EGİAD Yönetim Kurulu Başkanı Alp Avni Yelkenbiçer, 195 ülkenin onayıyla kabul edilen Paris Anlaşması’nın, iklim değişikliğine karşı küresel çapta verilen mücadelede tarihsel bir dönüm noktası olduğuna dikkat çekti. Yelkenbiçer, “Türkiye çok büyük ve önemli bir adım atmıştır. Paris Anlaşması’nın onaylanması çok önemli bir adımdır ama asıl işimiz şimdi başlıyor” diye konuştu.

“Paris Anlaşması, dünya için bir başarıdır”

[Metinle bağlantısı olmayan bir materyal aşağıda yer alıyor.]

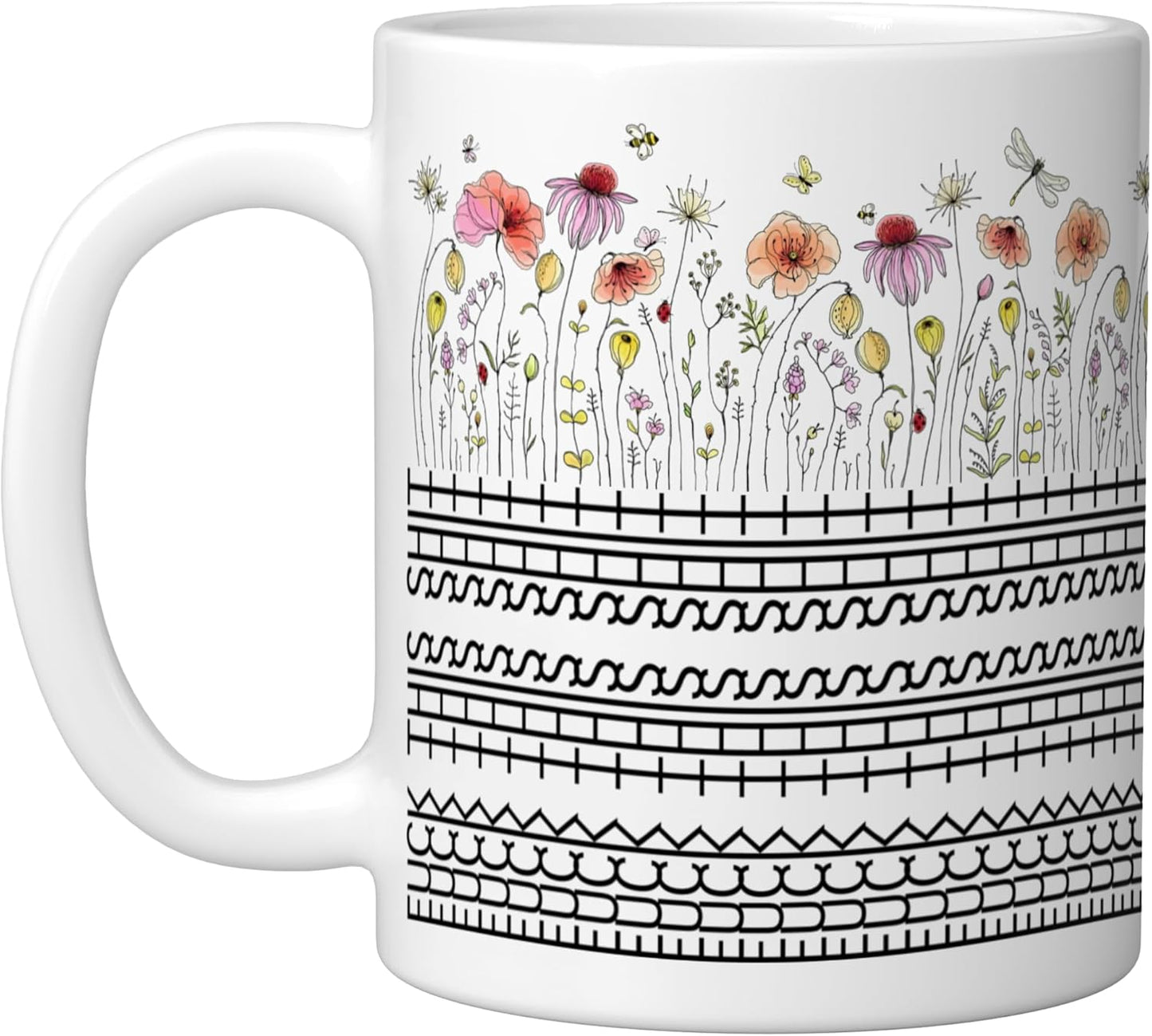Taza de cerámica sarcástica con mensaje oculto para compañeros de trabajo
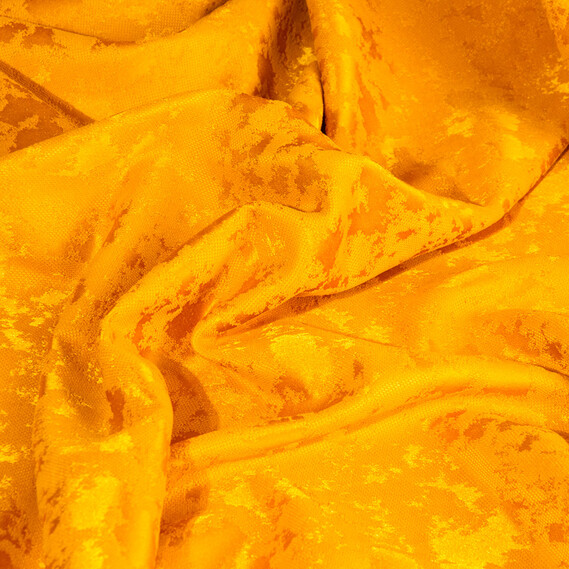 Тканина портьєрна однотонна Shinil V-17 гірчиця, фото 2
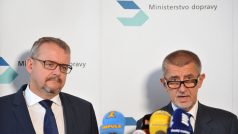 Tisková konference ministerstva dopravy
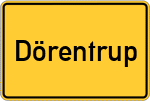 Place name sign Dörentrup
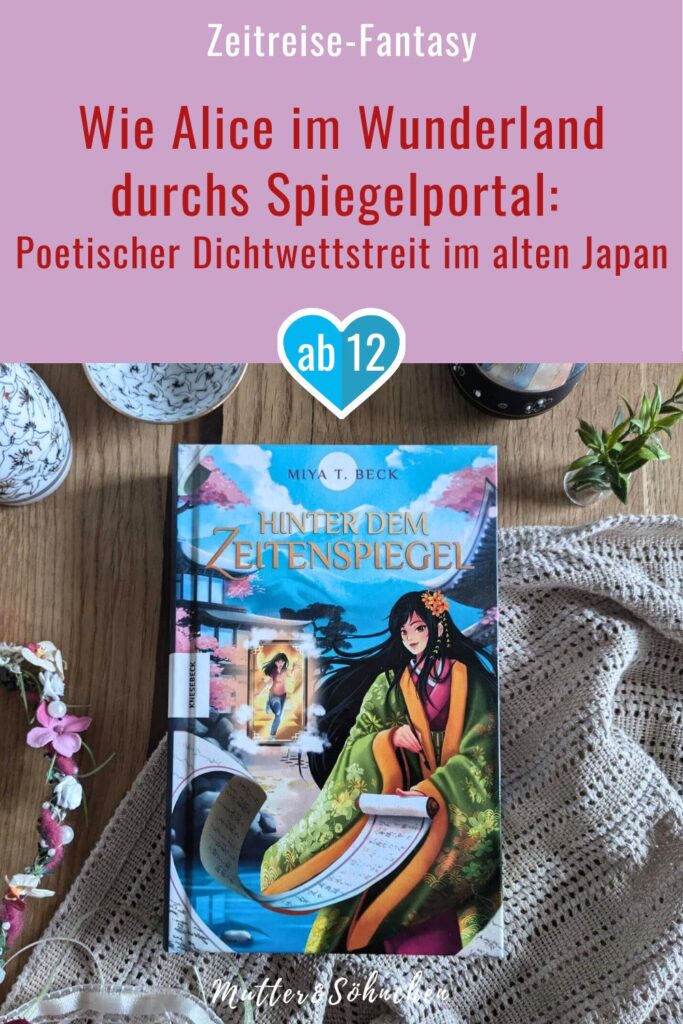 Die etwas nerdige Yuki liebt Gedichte, Wortspielereien und Lyrik. Als sie in einem Anitkladen den Messingspiegel der japanischen Schriftstellerin Sei Shoagon entdeckt und sich ein magisches Portal ins alte Japan auftut, entflieht sie ihrem Alltag voller familiärer und freundschaftlicher Probleme. Doch der Dichtwettstreit, den sie dort bestehen muss, hat es in sich. Und obendrauf lastet ein böser Zauber auf Sei Shonagon, den Dichterinnen und ihren neu gewonnenen Freunden. Miya T. Beck entführt uns in in dem asiatischen Fantasy-Zeitreiseabenteuer "Hinter dem Zeitenspiegel" ins alte Japan voller Mythologie, Poesie, Freundschaft und Magie.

Anlaşmanın, aynı zamanda 2030 Sürdürülebilir Kalkınma Gündemi çerçevesinde daha istikrarlı, daha sağlıklı bir gezegen, daha adil toplumlar ve daha canlı ekonomilerin olduğu bir dünya bırakmak adına da önemli bir fırsat olduğunu belirten Yelkenbiçer, “Bu Anlaşma, küresel ölçekte temiz enerjiye geçişte tüm dünyaya yol gösterecek. Söz konusu geçiş, ilgili tüm politik kararlarda, iş ve yatırım davranışlarında değişikliğe gidilmeyi zorunlu kılıyor. Paris Anlaşması, neredeyse tüm dünya emisyonlarını kapsayan, iklim değişikliği konusundaki ilk çok uluslu anlaşma özelliğine sahip. Paris Anlaşması, dünya için bir başarıdır. Avrupa Birliğinin (AB) düşük karbon ekonomisine giden yolunu doğrular niteliktedir” sözlerine yer verdi.

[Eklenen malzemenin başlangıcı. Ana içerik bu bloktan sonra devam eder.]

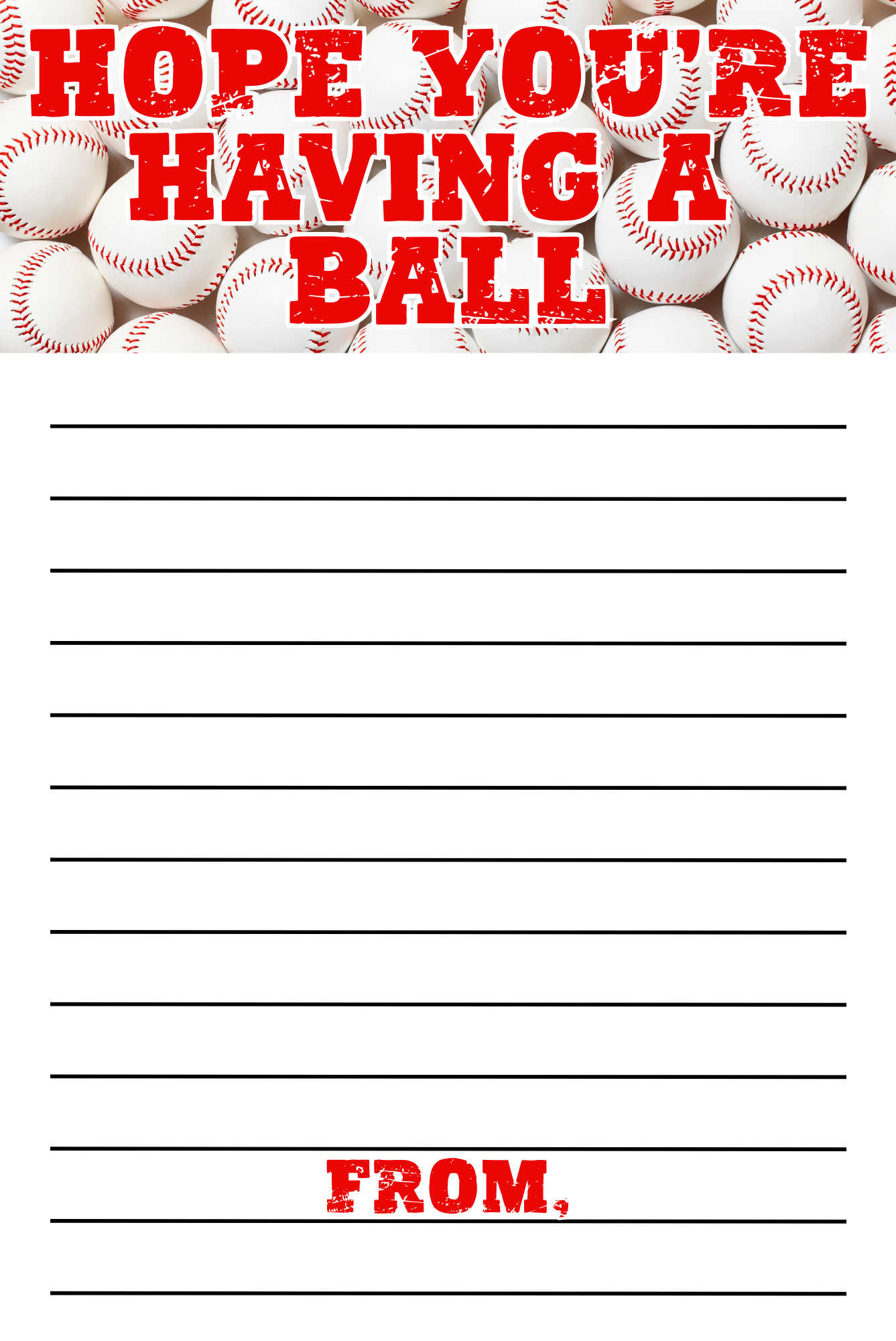 Baseballs Boys Notepad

EGİAD, konunun takipçisi olmuştu

EGİAD, konuya ilişkin geçtiğimiz günlerde WWF-Türkiye (Doğal Hayatı Koruma Vakfı) iş birliği ile düzenlediği “İklim Krizi ve AB Yeşil Mutabakat” toplantısı ve STK iş birliği ile düzenlediği “AB Yeşil Mutabakatı” toplantılarında ve yaptığı sayısız basın açıklamalarında konunun sıkı takipçisi olmuştu.

Yelkenbiçer gerçekleşen toplantılarda, “Paris Antlaşması’nı onaylamalıyız” söylemiyle gündeme gelmişti.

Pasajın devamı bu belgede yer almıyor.